Matt_LRR said:
Cause, no. Contribute? Yes.
At the bare minimum, the frequent, repeated acts of violence in videogames have a desensitization effect, which leads to a reduction in our ability to feel empathy and which makes us more tolerant of images of extreme violence. That said, the effect is, as far as I am concerned, not significantly more pronounced that that of any other form of visual media.
There's evidence to suggest that there is some increase in aggression in people, particularly kids, after playing violent videogames, but there's also evidence to suggest that that influence is easily countered.
AT WORST, videogames serve as a model for already violent or unstable people to base their violence on, and as a reinforcer of aggressive tendencies.
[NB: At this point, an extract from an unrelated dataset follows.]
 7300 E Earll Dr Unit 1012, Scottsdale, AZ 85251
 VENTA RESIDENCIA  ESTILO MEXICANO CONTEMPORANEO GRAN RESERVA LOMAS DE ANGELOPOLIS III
No normal person is going to be made to commit an act of criminal violence as a direct result of playing videogames.
-m
Have to dissagree with you slightly there, almost all of the evidence supporting an increase in aggression following a session of exposure to violent gaming content is at best speculative and more often entirely circumstancial (the bobo test), most of the methods used to test this theory on children were incredibly biased, or at least the studies ive read were.
Violence in video games, as in films, books, comics, on the news or any media format can and will be used as a model for people who are already commited to performing an act of violence but that in no way substantiates the argument that said media is providing motivation and or justification for violence, aka turning otherwise non-violent people into raving sociopaths with the complete lack of empathy that entails.
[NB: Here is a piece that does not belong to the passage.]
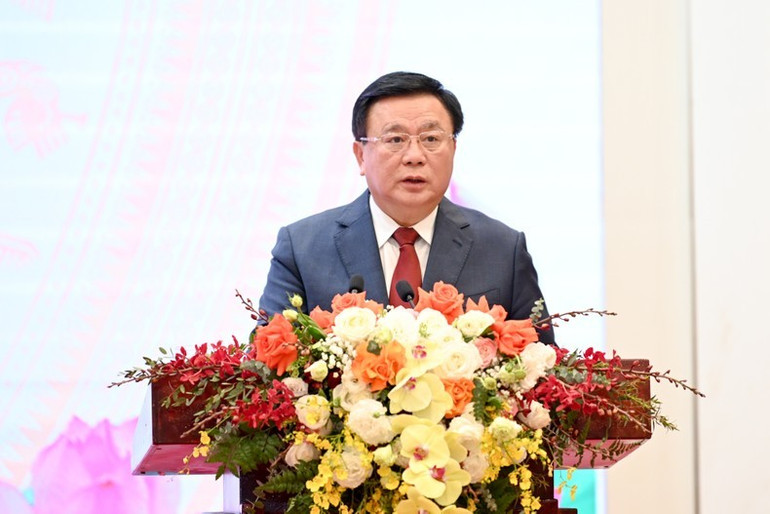 Đồng chí Nguyễn Xuân Thắng, Ủy viên Bộ Chính trị, Giám đốc Học viện Chính trị quốc gia Hồ Chí Minh, Chủ tịch Hội đồng Lý luận Trung ương phát biểu đề dẫn. (Ảnh: THẾ ĐẠI) Đồng chí Nguyễn Xuân Thắng, Ủy viên Bộ Chính trị, Giám đốc Học viện Chính trị quốc gia Hồ Chí Minh, Chủ tịch Hội đồng Lý luận Trung ương phát biểu đề dẫn. (Ảnh: THẾ ĐẠI)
The key issue in this as in all arguments against explicit media is the context in which said media is viewed. I think its not the violence itself that is a factor, it is the moral justification (or lack of it) for said violence that is offered by the game's story, ie violence for violence's sake with no justification. even in some of the most ultra-violent games there is still a clear definition of right and wrong whithin the story. And even without that definition it would again take a complete sociopath devoid of any moral compass to take that as promotion of violent acts. The only exeption would be very young children who are not fully aware of right and wrong, and in that instance any ill action would be a direct product of poor parenting.
On the desensitization issue, i dont see how exposure to game violence makes you less empathic to others at all, i do believe it gradually removes any shock/fear/disgust that you are instinctively compelled to feel when exposed to such violence but that is a mere physical response to visual stimuli. empathy is a complex emotional connection, the ability to view things from the perpective of others, you are born with it and it is reinforced on you from the early stages of infancy and onwards. It is not something that can be watered down by anything short of intense psychological trauma or brain damage. Those cases aside people with no empathy were like that from birth and no video game "made" them do anything.
If anything, i think age restrictions on games should be better judged and better enforced. Banning violent content alltogether will achieve nothing. games dont kill people, people do.